- [TASK DIRECTIONS]:
From the listing that follows, reproduce only the lines from the one holding "You can also" through the one holding "Welcome to Informatica", both included, with no pictures.

- [DATA LISTING]:

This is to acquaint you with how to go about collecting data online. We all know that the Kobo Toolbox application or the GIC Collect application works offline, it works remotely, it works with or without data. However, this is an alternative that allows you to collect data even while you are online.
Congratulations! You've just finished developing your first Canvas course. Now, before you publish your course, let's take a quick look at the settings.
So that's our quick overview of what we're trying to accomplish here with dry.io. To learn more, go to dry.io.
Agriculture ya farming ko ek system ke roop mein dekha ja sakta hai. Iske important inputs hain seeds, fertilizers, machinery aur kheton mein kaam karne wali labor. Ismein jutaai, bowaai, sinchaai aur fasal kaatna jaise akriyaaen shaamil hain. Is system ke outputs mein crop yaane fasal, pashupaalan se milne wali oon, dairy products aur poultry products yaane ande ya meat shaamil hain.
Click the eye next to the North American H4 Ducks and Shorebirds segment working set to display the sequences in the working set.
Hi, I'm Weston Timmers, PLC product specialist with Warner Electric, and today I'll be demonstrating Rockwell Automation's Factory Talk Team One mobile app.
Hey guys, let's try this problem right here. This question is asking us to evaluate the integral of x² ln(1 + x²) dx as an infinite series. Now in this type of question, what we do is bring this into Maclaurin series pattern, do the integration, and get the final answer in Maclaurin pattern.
--
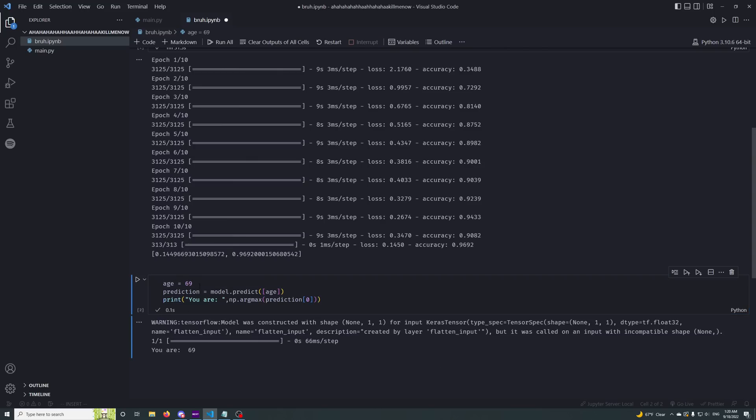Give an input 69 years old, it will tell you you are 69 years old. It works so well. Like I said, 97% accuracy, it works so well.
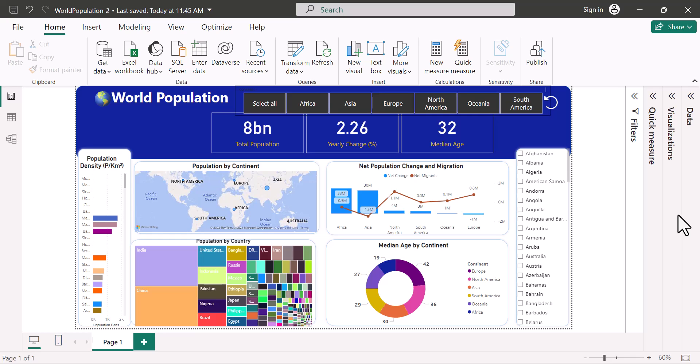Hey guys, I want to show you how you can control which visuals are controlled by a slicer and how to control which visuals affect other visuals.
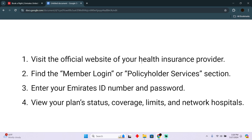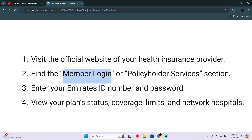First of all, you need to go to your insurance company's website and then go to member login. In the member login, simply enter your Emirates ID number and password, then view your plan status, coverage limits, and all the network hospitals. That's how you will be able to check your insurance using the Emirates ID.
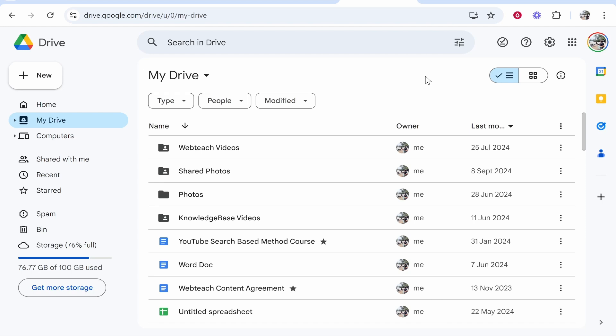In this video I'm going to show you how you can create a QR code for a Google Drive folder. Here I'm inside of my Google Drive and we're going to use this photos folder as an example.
---
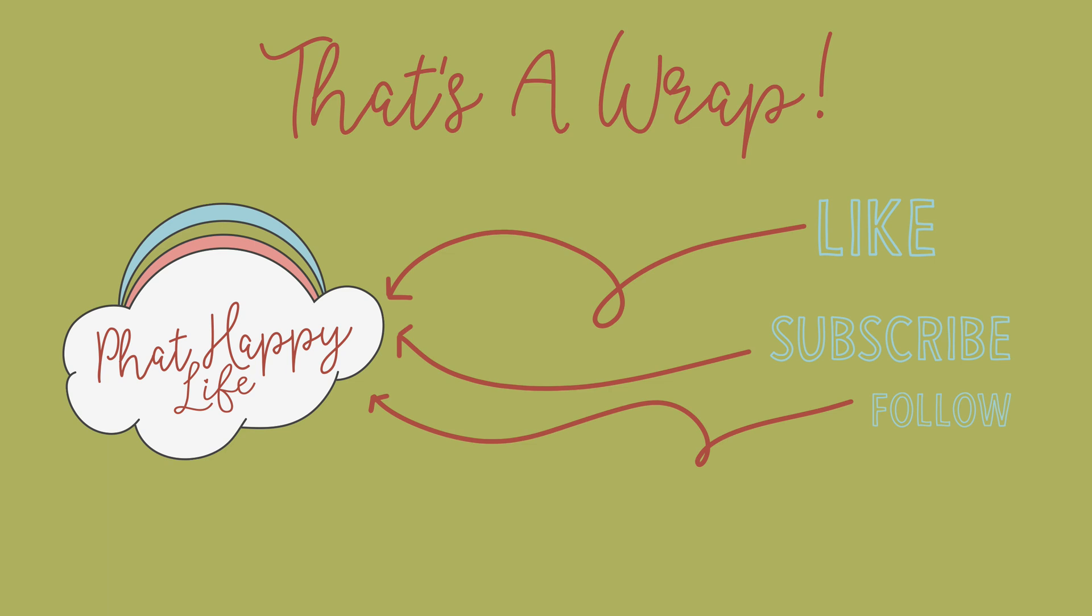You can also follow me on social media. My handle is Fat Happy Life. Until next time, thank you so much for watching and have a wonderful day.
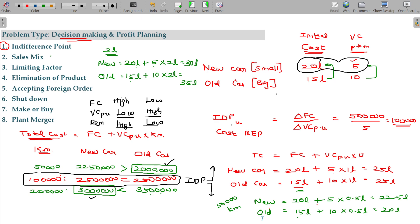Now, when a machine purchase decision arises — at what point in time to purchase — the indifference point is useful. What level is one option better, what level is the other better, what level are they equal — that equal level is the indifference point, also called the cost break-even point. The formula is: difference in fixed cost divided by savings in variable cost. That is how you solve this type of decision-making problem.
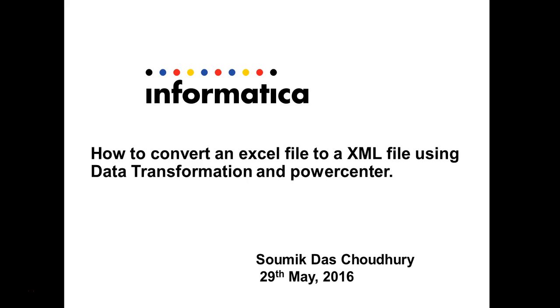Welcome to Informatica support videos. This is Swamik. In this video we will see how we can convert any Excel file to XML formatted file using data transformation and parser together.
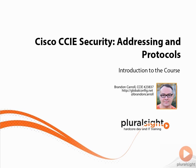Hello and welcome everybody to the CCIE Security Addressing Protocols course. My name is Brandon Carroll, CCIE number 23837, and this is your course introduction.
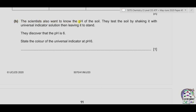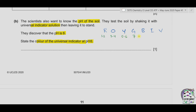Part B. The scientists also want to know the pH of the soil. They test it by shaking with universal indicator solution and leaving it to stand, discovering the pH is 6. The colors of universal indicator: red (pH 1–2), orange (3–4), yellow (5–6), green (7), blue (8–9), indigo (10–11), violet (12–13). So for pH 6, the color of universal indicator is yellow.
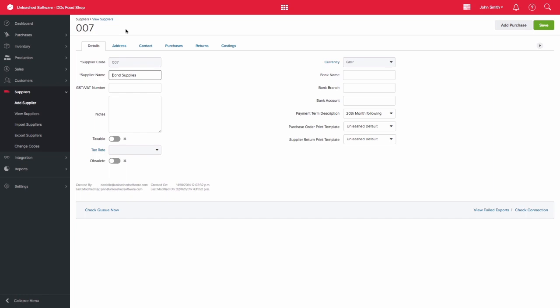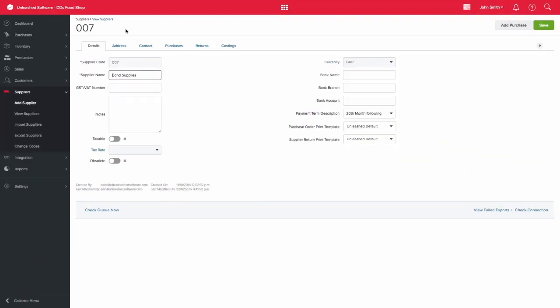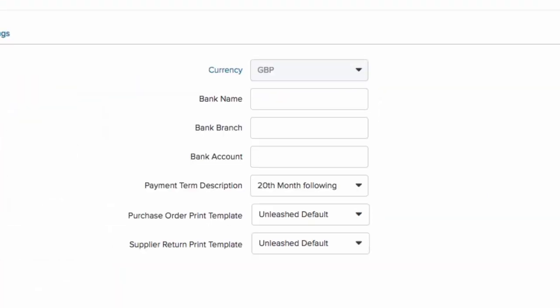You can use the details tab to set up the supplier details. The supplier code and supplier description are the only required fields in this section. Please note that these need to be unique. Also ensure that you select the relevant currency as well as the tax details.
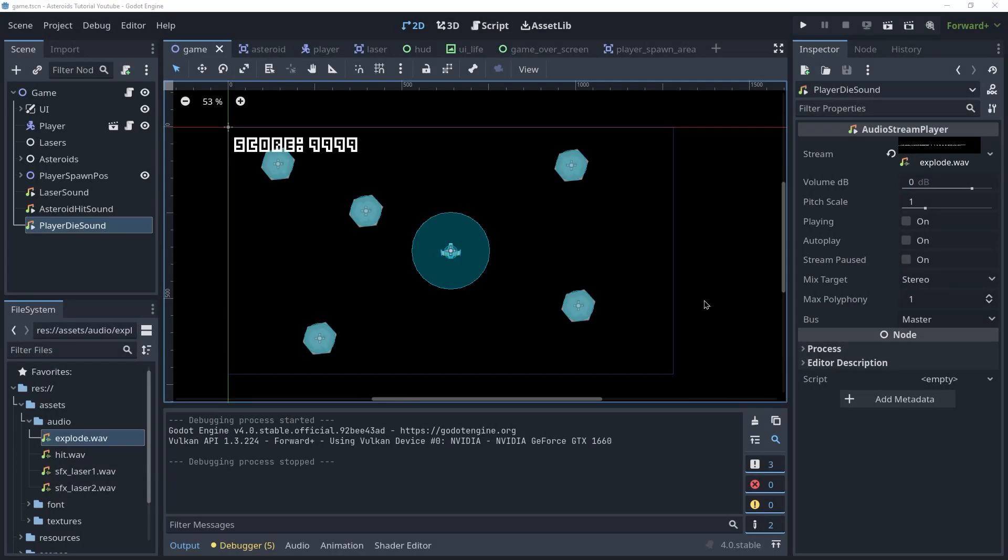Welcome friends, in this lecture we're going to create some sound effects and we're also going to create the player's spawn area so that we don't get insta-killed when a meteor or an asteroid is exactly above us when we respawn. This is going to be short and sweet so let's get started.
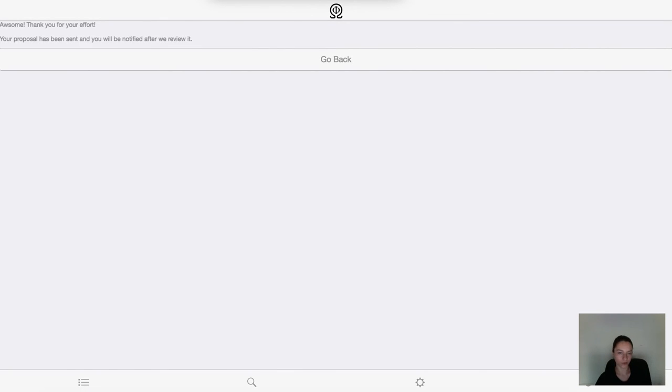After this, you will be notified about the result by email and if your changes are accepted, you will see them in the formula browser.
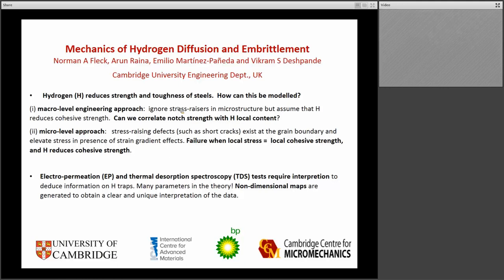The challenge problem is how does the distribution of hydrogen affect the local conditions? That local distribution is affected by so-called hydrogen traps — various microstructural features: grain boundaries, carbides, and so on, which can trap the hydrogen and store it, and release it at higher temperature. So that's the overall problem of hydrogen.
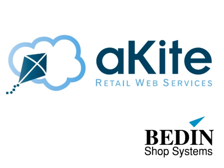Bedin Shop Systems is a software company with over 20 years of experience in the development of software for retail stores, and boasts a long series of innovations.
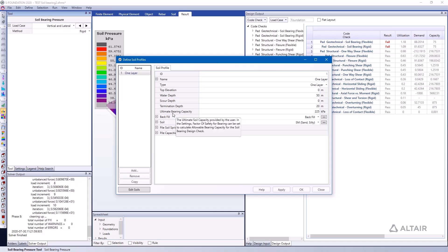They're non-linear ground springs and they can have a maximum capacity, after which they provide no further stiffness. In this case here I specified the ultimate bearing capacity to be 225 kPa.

- [ANSWER BOX]:
You can also follow me on social media. My handle is Fat Happy Life. Until next time, thank you so much for watching and have a wonderful day.
Now, when a machine purchase decision arises — at what point in time to purchase — the indifference point is useful. What level is one option better, what level is the other better, what level are they equal — that equal level is the indifference point, also called the cost break-even point. The formula is: difference in fixed cost divided by savings in variable cost. That is how you solve this type of decision-making problem.
Welcome to Informatica support videos. This is Swamik. In this video we will see how we can convert any Excel file to XML formatted file using data transformation and parser together.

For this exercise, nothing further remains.